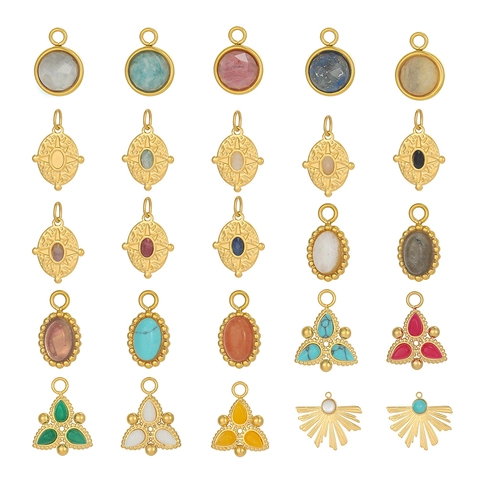 Exquisite Stainless Steel Pendants Gold Plated Natural Stone Turquoise Starburst DIY Jewelry Making Findings For Women Necklace Pendant Only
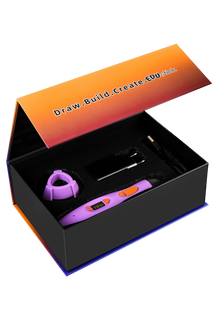 EDUstick SOLO 3D pen box contents — pen, stand, stencils, filament starter set
Child using EDUstick SOLO 3D pen, EN71 certified, parental lock"Draw.Build.Create"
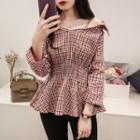 Long-sleeve Cold-shoulder Plaid Top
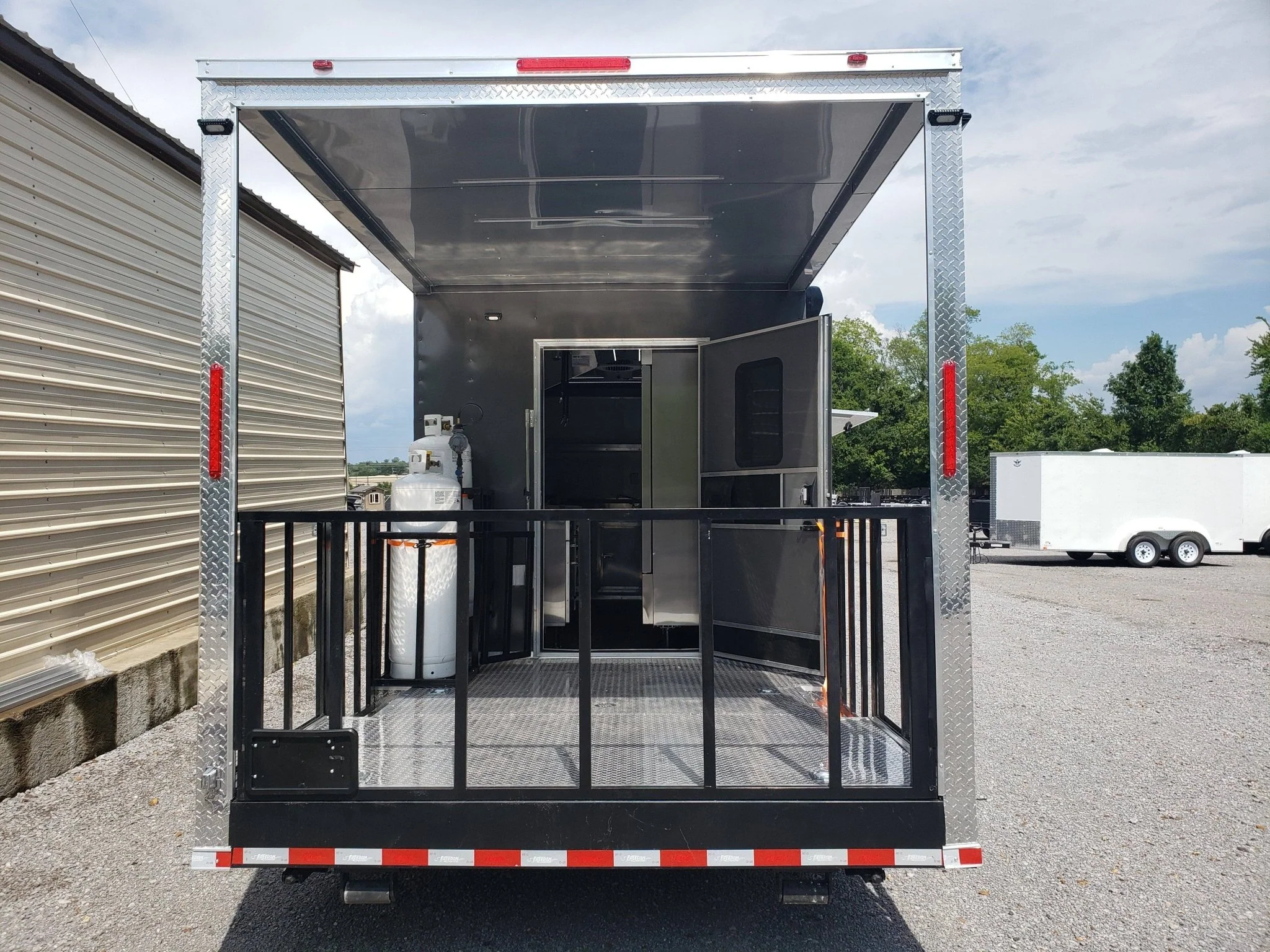 845-8.5-x-28-charcoal-gray-bbq-porch-concession-food-trailer-with-restroom-and-appliances-14.webp 8.5' x 28' Charcoal Gray BBQ Porch Concession Food Trailer with Restroom And Appliances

**YOUR ASSIGNMENT**: Please reproduce the entries above exactly, from their first line to the line holding "EDUstick SOLO 3D pen box" inclusive, and nothing else; the pictures stay out.

**RESPONSE TO THIS EXERCISE**:
 Exquisite Stainless Steel Pendants Gold Plated Natural Stone Turquoise Starburst DIY Jewelry Making Findings For Women Necklace Pendant Only
 EDUstick SOLO 3D pen box contents — pen, stand, stencils, filament starter set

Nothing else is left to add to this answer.